Ministers to keep an eye on councils' bus service cuts

24 Oct 11
The Department for Transport is to monitor cuts to subsidised bus services in England, following MPs' fears about the effects on vulnerable people.

By Richard Johnstone | 24 October 2011

The Department for Transport is to monitor cuts to subsidised bus services in England, following MPs’ fears about the effects on vulnerable people.

Responding to a transport select committee report, the department agreed that a ‘better understanding’ of the cuts was needed.

Councils support routes that could not survive on a commercial basis, often because the number of passengers is low. They help to provide additional services at evenings or weekends, and in rural areas.

The committee’s August report examined the effect of the Comprehensive Spending Review on services in England, excluding London. It found that more than 70% of local authorities had reduced funding for supported bus services, forcing most operators to withdraw services or push up fares – or both. The cuts could also dissuade old, young and disabled people from taking up employment, education or voluntary work.

Now the government has said that it will work to provide more information on the extent of the cuts, which have been estimated to be as high as 20%.

The DfTt’s response said: ‘Changes to bus and community transport services are a matter for bus operators and local transport authorities and the government should not and cannot attempt to make an assessment of every individual change.

‘However, the government agrees that it is important we gain a better understanding of the overall impact of decisions taken by local authorities in respect of the tendered bus networks in their own areas. The work done by the committee in this area provides an excellent starting point, and the Department for Transport is now working with the Association of Transport Co-ordinating Officers to collate information in respect of tendered bus services across England.’

The department also defended the government’s 20% cut in the government’s Bus Service Operators Grant subsidy, which takes effect next April.

The committee had argued that the reduction in local authority funding coupled with the grant cut ‘created the greatest financial challenge for the English bus industry for a generation’.

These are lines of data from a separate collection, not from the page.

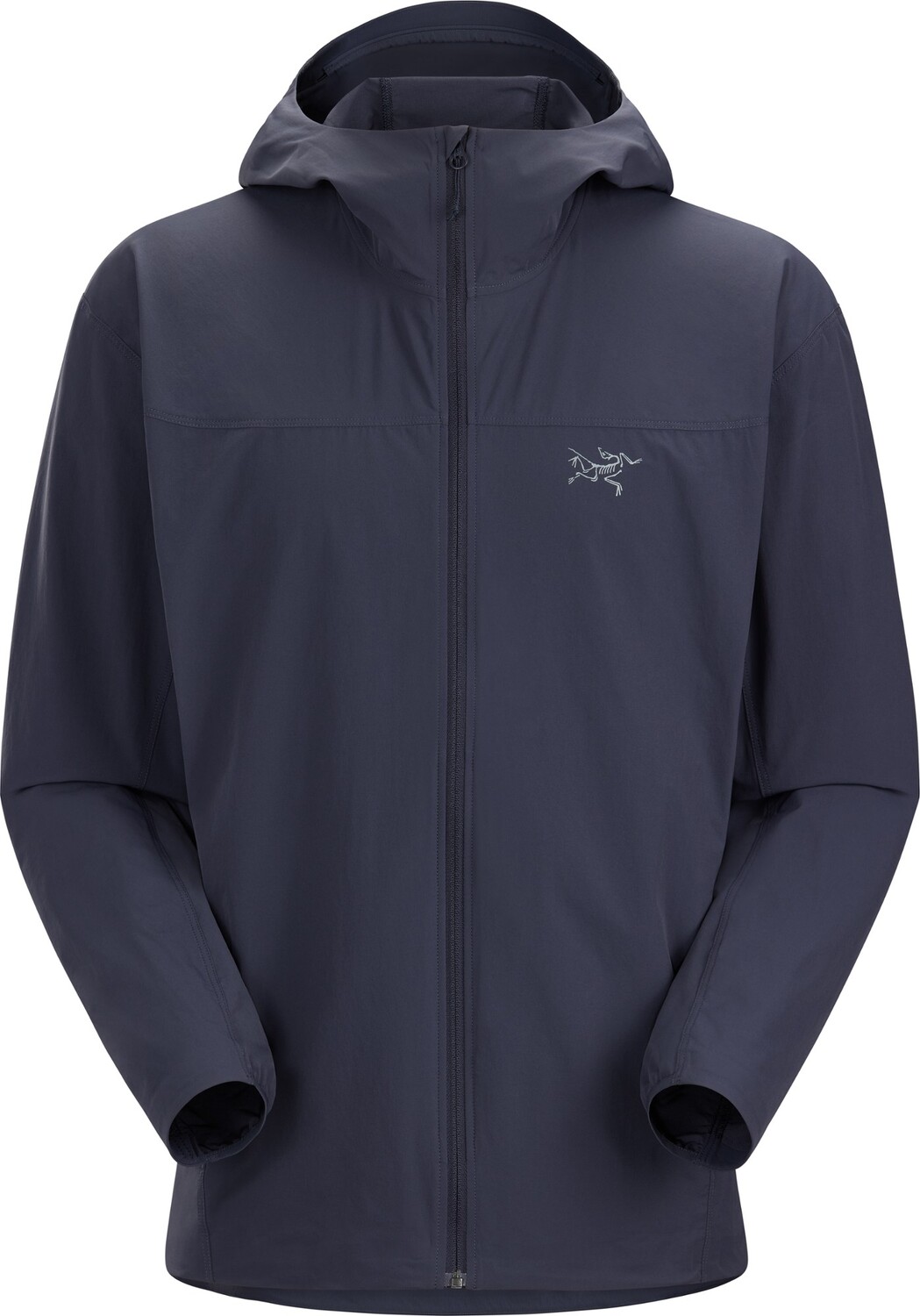 

Легкая толстовка Gamma – мужская Arc'teryx, синий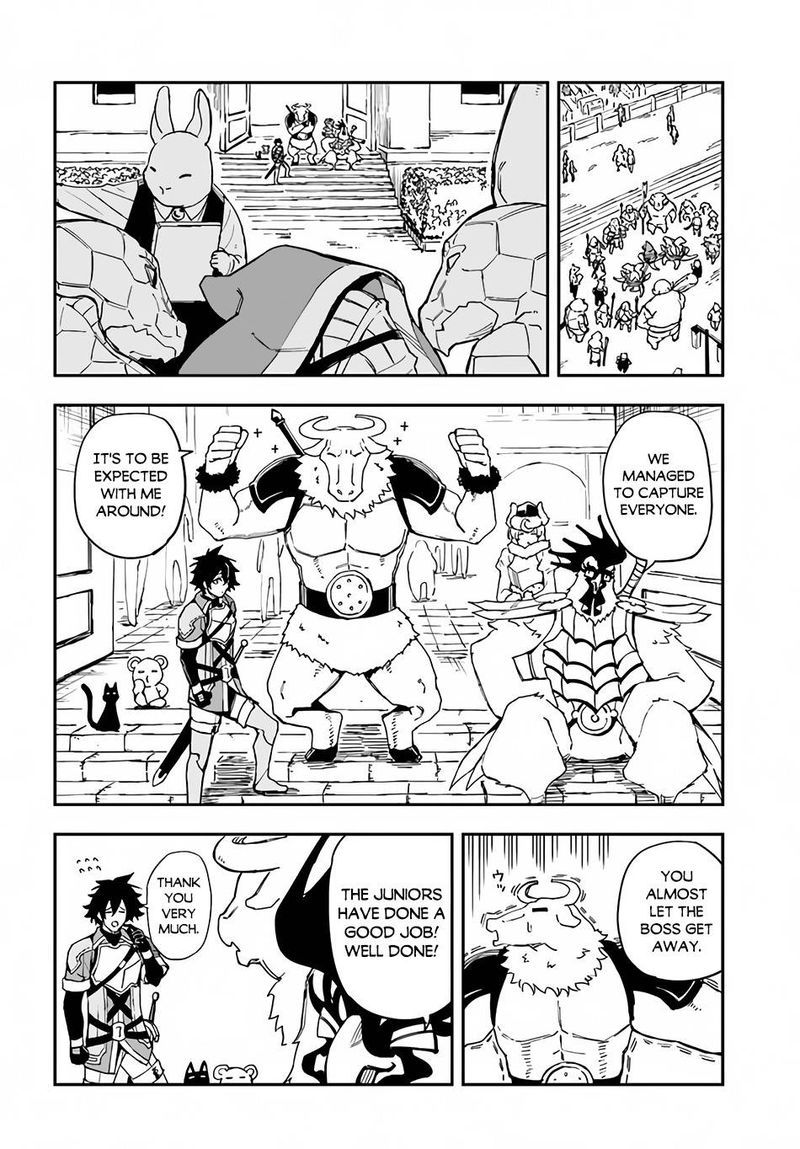Genkai Level 1 Kara No Nariagari Saijaku Level No Ore Ga Isekai Saikyou Ni Naru Made 14a 7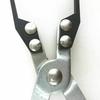 Offset Handle Thin Tips Relay Puller Pliers Remover Install Plier Tool for Car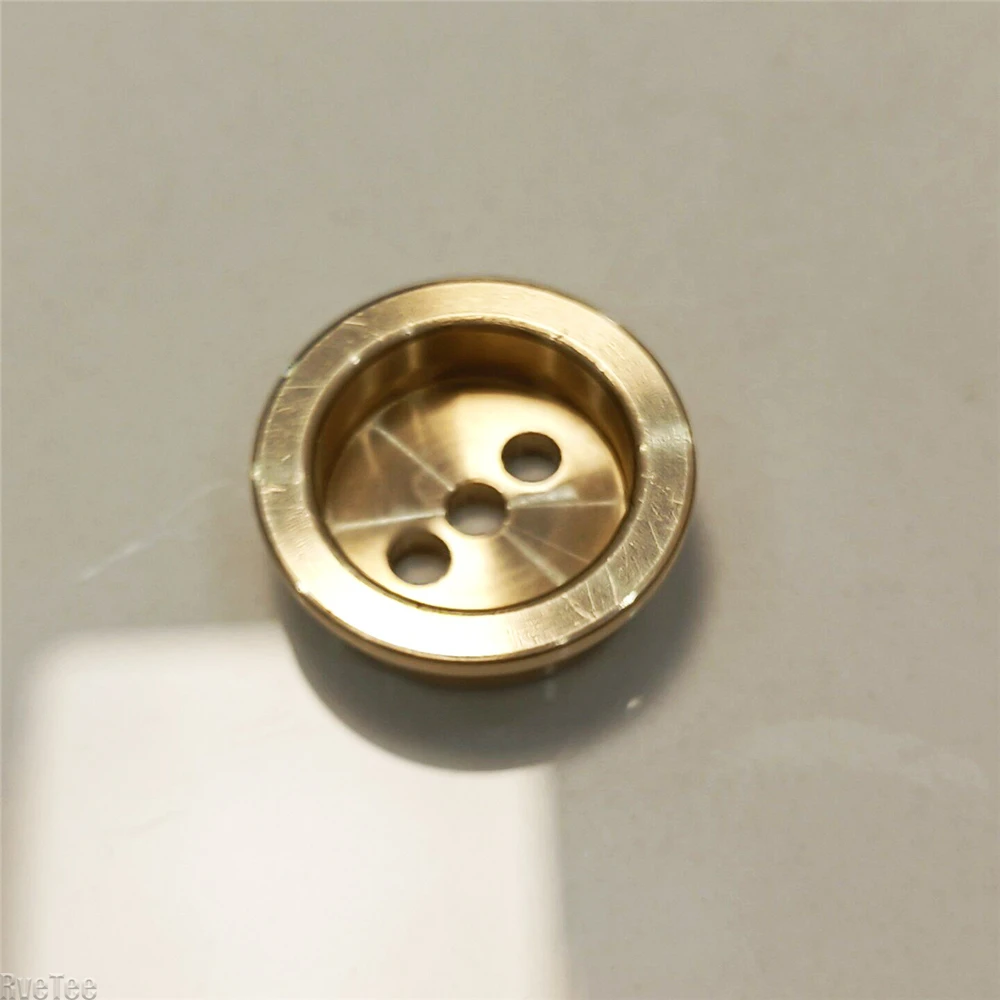 Metal Quick Hanging Male Buckle Round Square for Tajima Belt Buckle Tool Bag Modification Tool Enthusiast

However, the DfT said it‘ did ‘not accept the committee's criticism of its handling of reductions in BSOG’.

The grant cuts would have a ‘manageable impact on bus operators and passengers, when compared with reductions to budgets elsewhere’, it argued.

As the government response was published, transport committee chair Louise Ellman warned that the reduction in services already seen across England ‘will only get worse as the deeper cuts in funding take effect next year’.

She said: ‘It’s vital the government maps the impact of these cuts properly and publishes the information it gathers.’